▶ **Instructions for the task**
From the listing below, output only the lines starting at the line that has "Sir Lawrence SLMPREP-2DW" and ending at the line that has "Horizontal wide banners", exactly as they appear, ends included.

▶ **Material provided**
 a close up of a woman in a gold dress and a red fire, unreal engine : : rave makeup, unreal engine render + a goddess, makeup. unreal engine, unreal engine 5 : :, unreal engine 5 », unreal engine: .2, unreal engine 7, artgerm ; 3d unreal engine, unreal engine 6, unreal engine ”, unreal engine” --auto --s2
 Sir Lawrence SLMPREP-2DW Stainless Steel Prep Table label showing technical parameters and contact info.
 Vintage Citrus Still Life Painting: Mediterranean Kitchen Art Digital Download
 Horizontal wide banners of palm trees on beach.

...

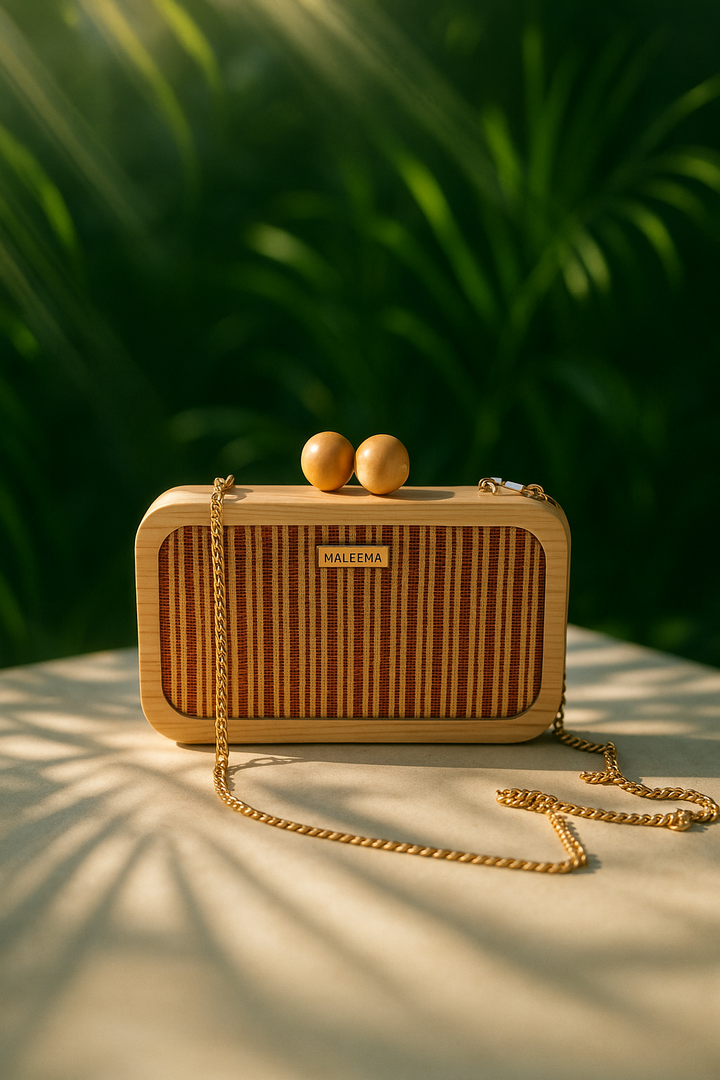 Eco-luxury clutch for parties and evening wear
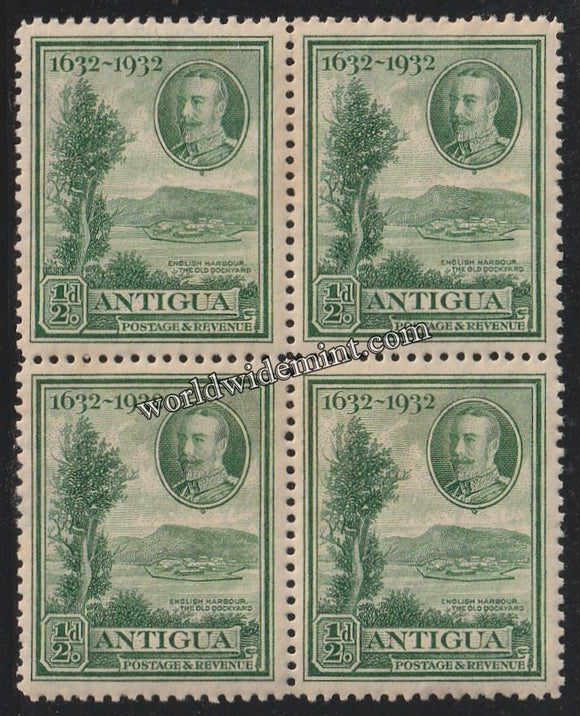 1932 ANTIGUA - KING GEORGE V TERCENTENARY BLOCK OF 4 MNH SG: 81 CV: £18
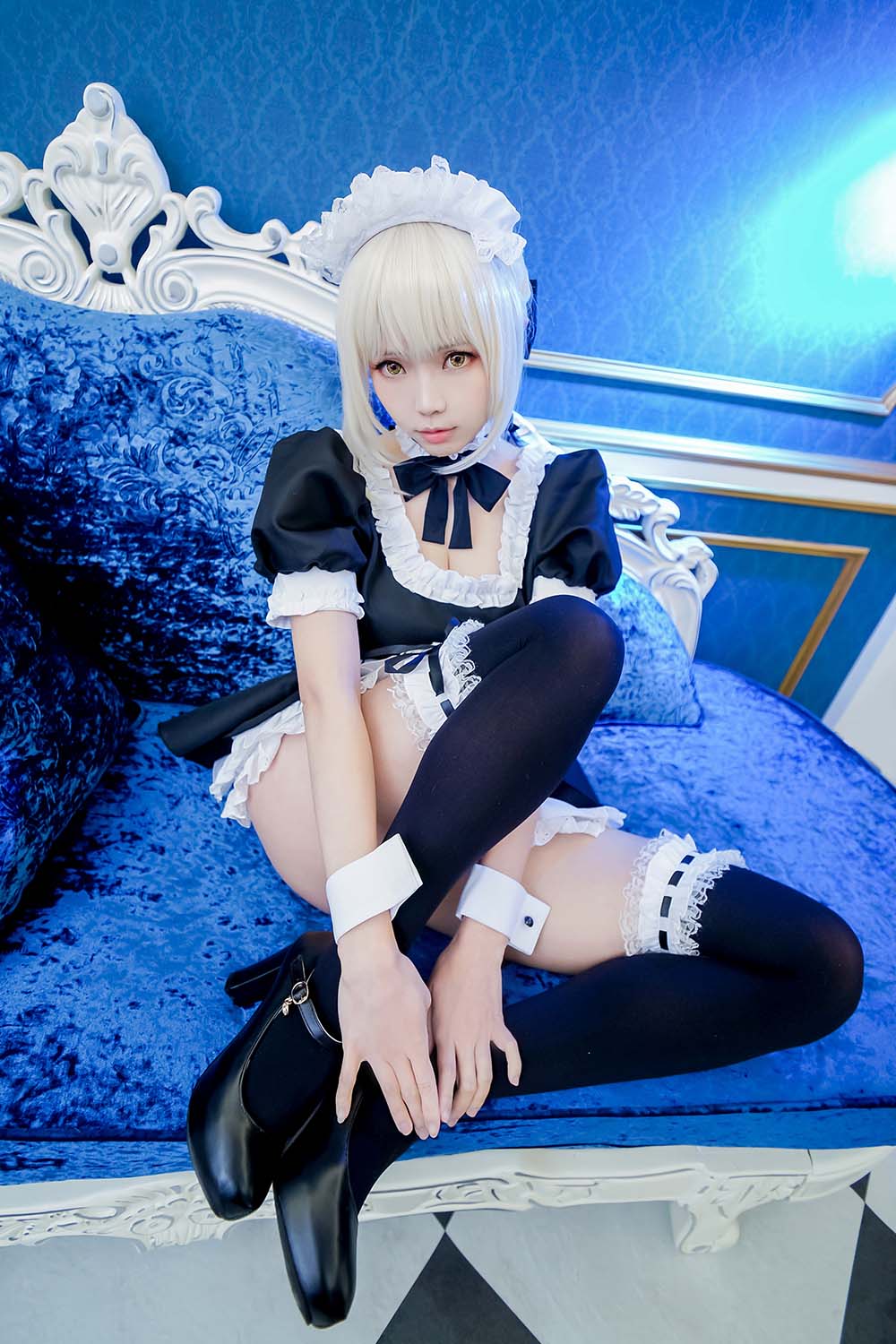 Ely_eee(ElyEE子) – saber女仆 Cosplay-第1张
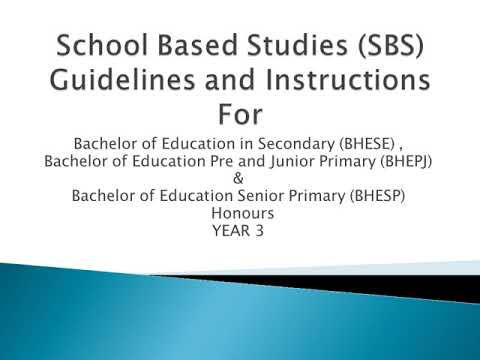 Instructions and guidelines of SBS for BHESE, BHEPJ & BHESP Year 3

▶ **Solution**
 Sir Lawrence SLMPREP-2DW Stainless Steel Prep Table label showing technical parameters and contact info.
 Vintage Citrus Still Life Painting: Mediterranean Kitchen Art Digital Download
 Horizontal wide banners of palm trees on beach.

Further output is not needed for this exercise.